--- GOAL OF THE EXERCISE ---
Copy the listing that follows exactly. Its pictures do not belong in the copy.

+---+

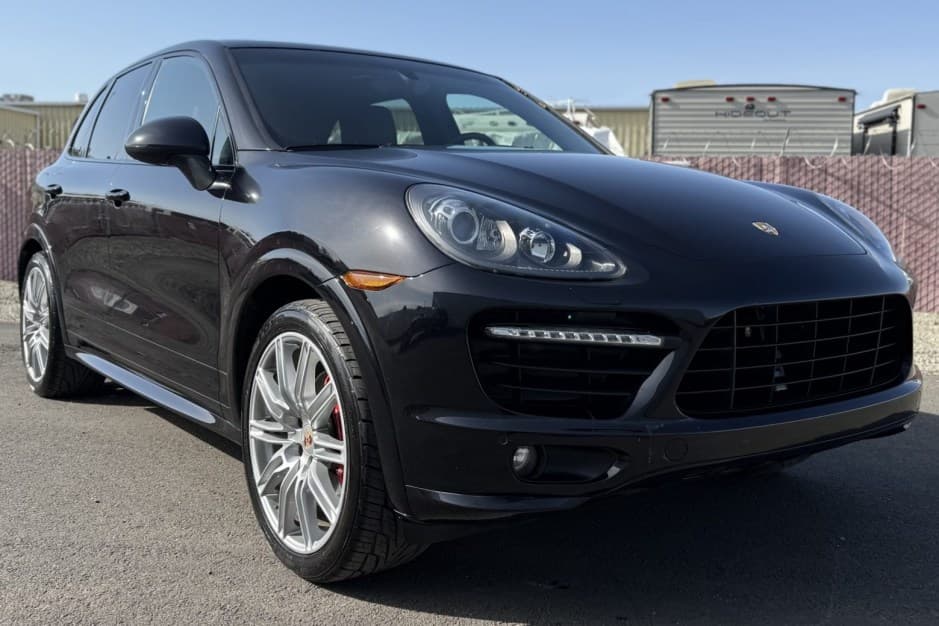 2014 Porsche 958 Cayenne (2011-2018) sold for $19,500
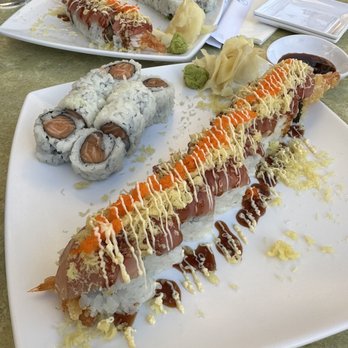 Kai Sushi - South Loop - Ocean Roll and Salmon Roll - Sushi Bars Near Me - Chicago, Illinois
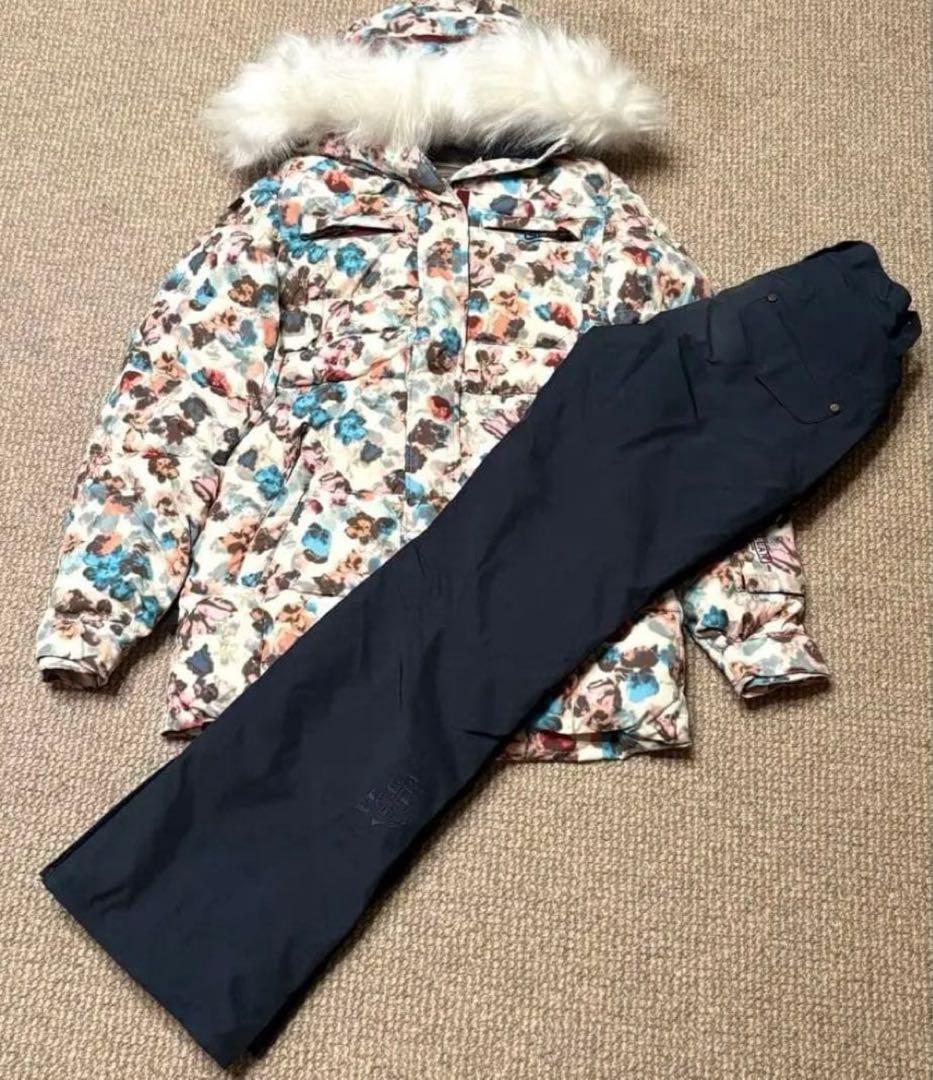 KELLAN レディースノーボードウェア 花柄ジャケットXS パンツS セット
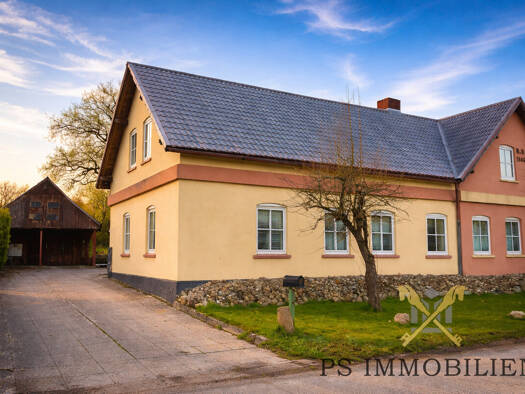 Doppelhaushälfte zum Kauf 249.000 € 6 Zimmer 169 m² 628 m² Grundstück Ruhwinkel 24601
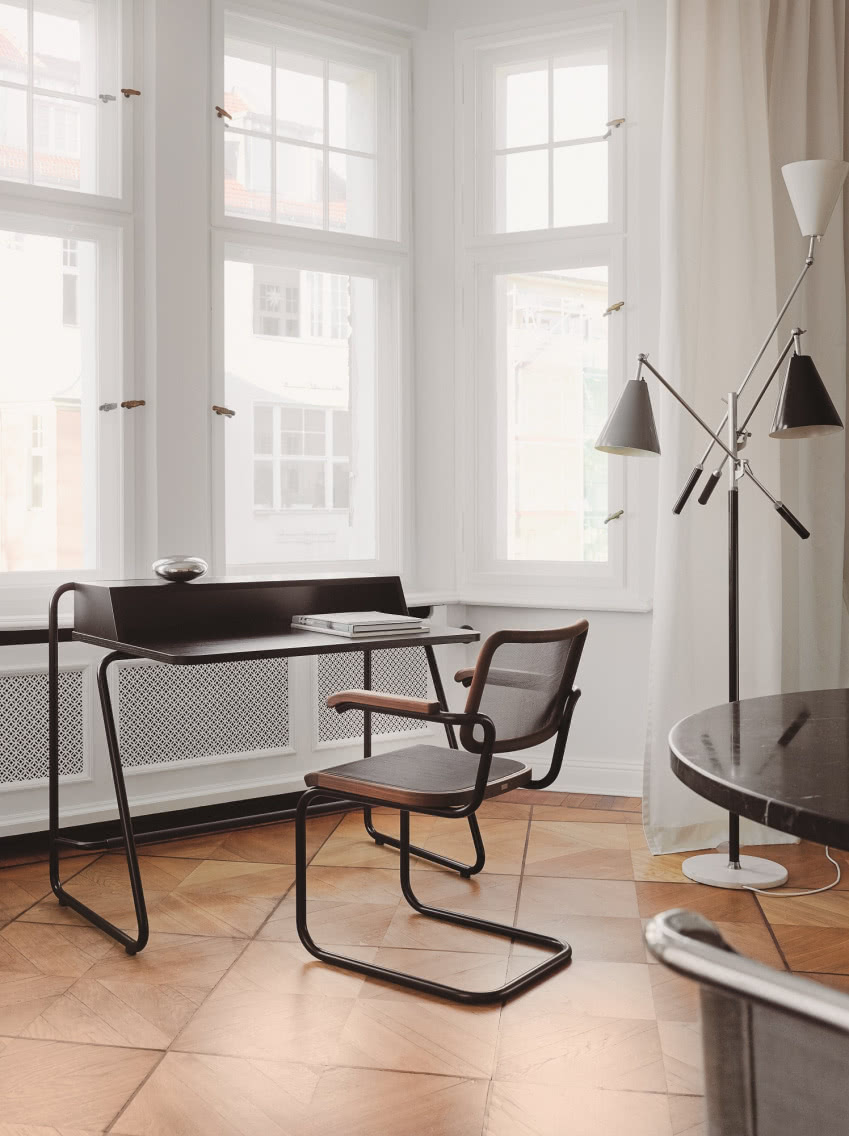 Stal w czarnej odsłonie
plus naturalne...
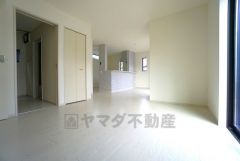大きな窓のあるリビングは、陽光あふれる明るい空間です。居心地良く、ご家族皆がゆったり寛げる憩いの空間となりそうです。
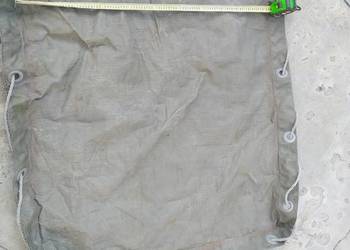 plandekę na przyczepkę o wymiarach 123 × 102 cm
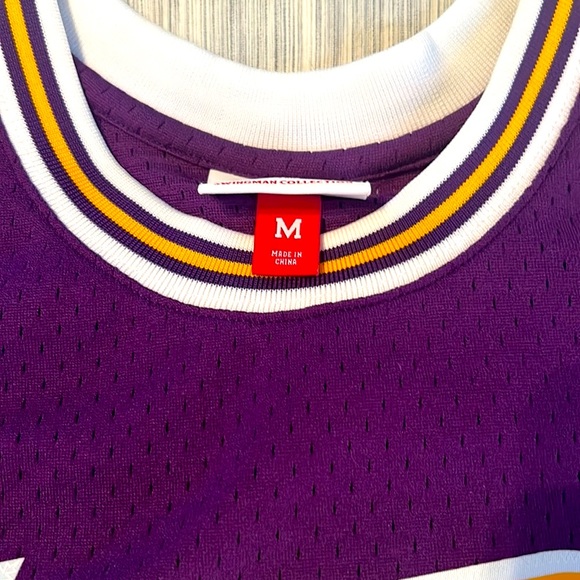 Los Angeles Lakers Jerry West Mitchell and Ness Swingman Jersey 1971-1972 - Picture 7 of 7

+---+

--- ANSWER SPACE ---
 2014 Porsche 958 Cayenne (2011-2018) sold for $19,500
 Kai Sushi - South Loop - Ocean Roll and Salmon Roll - Sushi Bars Near Me - Chicago, Illinois
 KELLAN レディースノーボードウェア 花柄ジャケットXS パンツS セット
 Doppelhaushälfte zum Kauf 249.000 € 6 Zimmer 169 m² 628 m² Grundstück Ruhwinkel 24601
 Stal w czarnej odsłonie
plus naturalne...
大きな窓のあるリビングは、陽光あふれる明るい空間です。居心地良く、ご家族皆がゆったり寛げる憩いの空間となりそうです。
 plandekę na przyczepkę o wymiarach 123 × 102 cm
 Los Angeles Lakers Jerry West Mitchell and Ness Swingman Jersey 1971-1972 - Picture 7 of 7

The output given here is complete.